**GOAL OF THE EXERCISE**
Please, without any pictures, set down exactly the part of the listing below that opens with the line containing "Baseball Jacket Set" and closes with the line containing "短袖韩版薄款纯色纯棉女".

**GIVEN DATA**
____
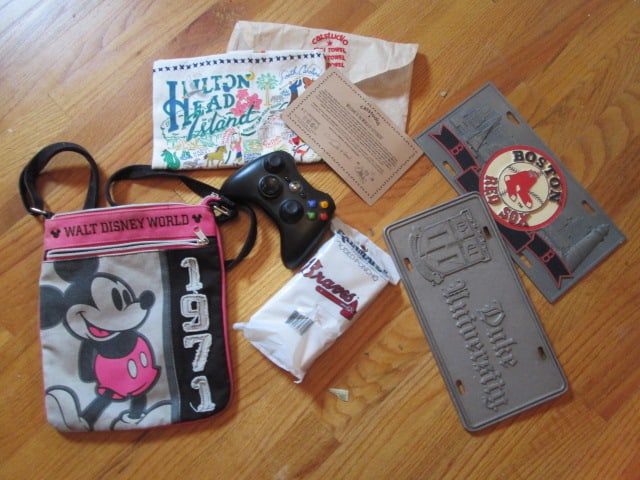 Misc. Lot-Walt Disney World Canvas Cross Body Purse, Braves Rain Poncho,: Pewter 3-D License Plate, Pewter Duke University License Plate, Catstudio Hilton Head Island Kitchen/Bar Towel and Xbox 360 Wireless Game Controller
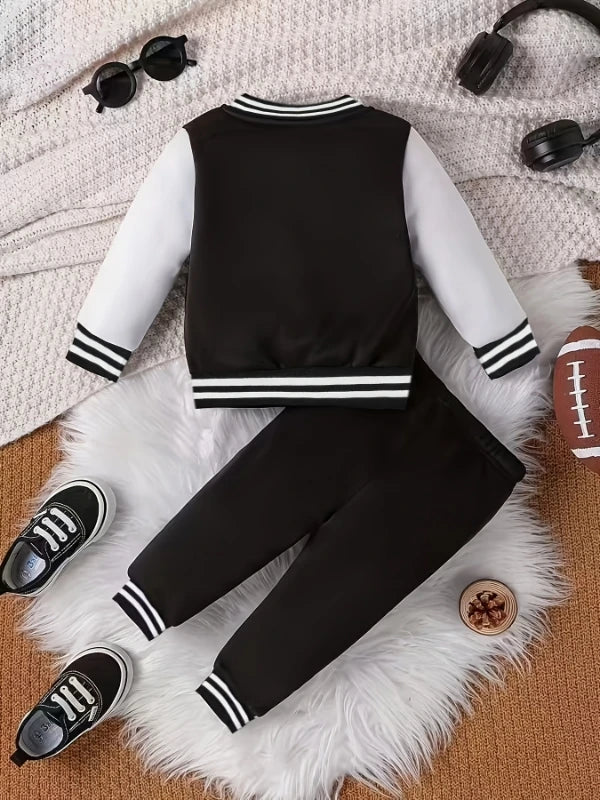 "Boys' Baseball Jacket Set | Black & White 'B' Embroidery - Varsity Jacket & Jogger Pants Two-Piece"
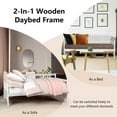 thumbnail image 6 of Giantex Twin Size Wooden Slats Daybed Frame, Sturdy Sofa Support Platform W/Rails and Full Wooden Slats Support, Home Furniture for Bedroom Living Room, White, 6 of 8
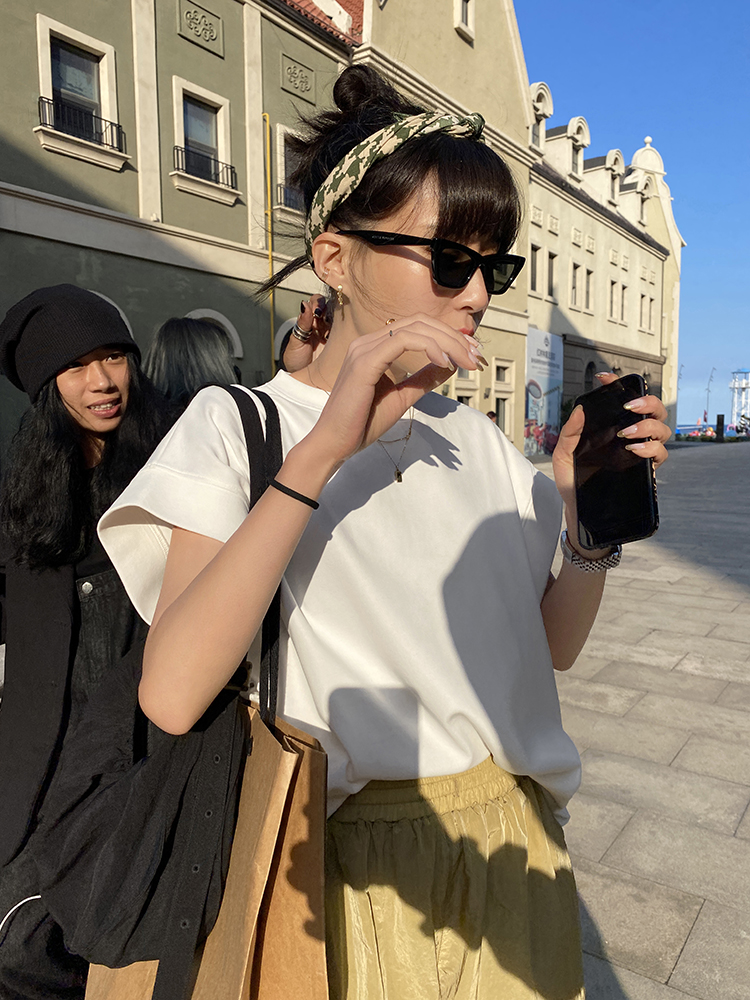 短袖韩版薄款纯色纯棉女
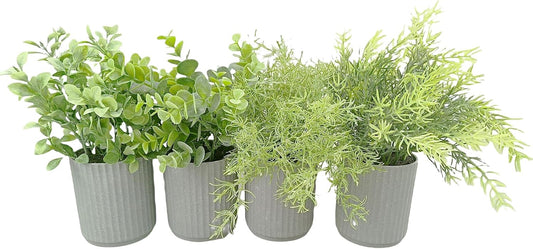 Cutepet 4 Pack Small Fake Plants Set, Mini Faux Plants Indoor/Outdoor Potted Plants， Artificial Greenery for Home Office Farmhouse Bathroom Table Decoration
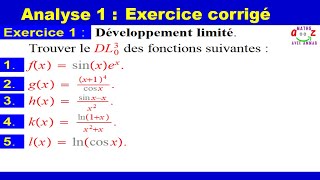 Développement limité Exercice corrigé [upl. by Aohsoj507]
____
**ANSWER BOX**
 "Boys' Baseball Jacket Set | Black & White 'B' Embroidery - Varsity Jacket & Jogger Pants Two-Piece"
 thumbnail image 6 of Giantex Twin Size Wooden Slats Daybed Frame, Sturdy Sofa Support Platform W/Rails and Full Wooden Slats Support, Home Furniture for Bedroom Living Room, White, 6 of 8
 短袖韩版薄款纯色纯棉女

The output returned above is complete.